Evanston sax player leads ‘Group Effort’
The Chris Greene Quartet | Photo by Ozzie Ramsay
The Chris Greene
Quartet
Release of its live CD
“A Group Effort,” Mayne Stage, 1328 W. Morse Ave., Chicago
8 p.m. May 24
Tickets are $18-$38
(773) 381-4554 or visit www.maynestage.com
Updated: May 15, 2012 9:52PM
Almost seven years after forming from the remnant’s of his New Perspective electric-jazz/funk/fusion ensemble, Evanston sax player Chris Greene’s Chris Greene Quartet is still going strong and celebrating the release of its sixth recording and first live CD.
The “A Group Effort” release party will be held at the venue where the CD was recorded last October, at 8 p.m. May 24 in the Mayne Stage in Chicago.
Greene first picked
up the alto sax as a fifth-grader at Evanston’s
Washington Elementary school, but didn’t become serious about jazz until a teacher in the jazz program at ETHS played John Coltrane’s “My Favorite Things” for him.
“That completely turned my head around and made me think, ‘This is what I want to do,’ ” he said.
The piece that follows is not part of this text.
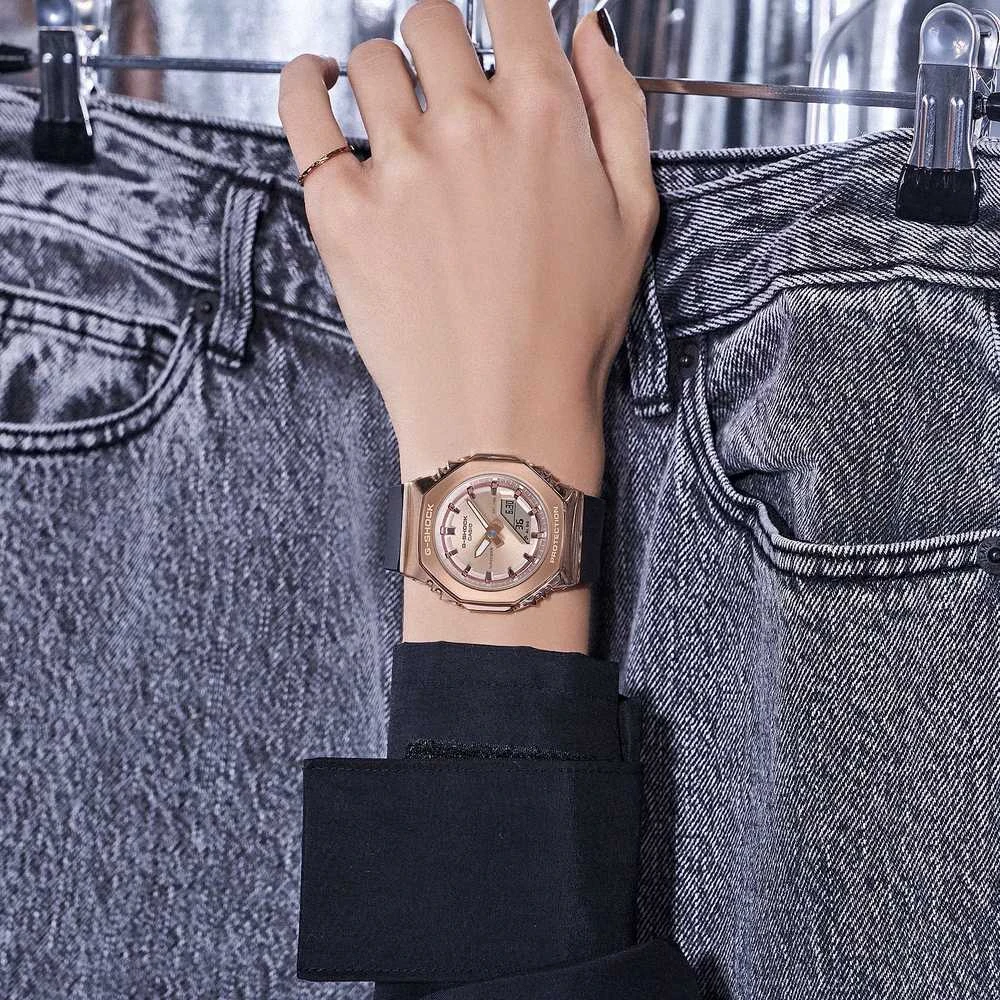 Laikrodis Casio G-shock analoginis-skaitmeninis moteriškas GM-S2110PG-1A4ER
Until that attitude adjustment, though, Greene, who went on to study jazz at Indiana University and to perform with Common, Sheena Easton, Liquid Soul and the Mighty Blue Kings in addition to leading his own groups, had been paying much more attention to pop, funk, rap and hip-hop.
Fusing forms
Back in 1995, New Perspective was a very conscious effort by Greene to fuse the music he listened to while growing up with the so-called traditional jazz he had grown to love. (Traditional is a label he mildly objects to on the grounds that golden-age artists like Miles Davis and Coltrane were hardly content to remain within a tradition.)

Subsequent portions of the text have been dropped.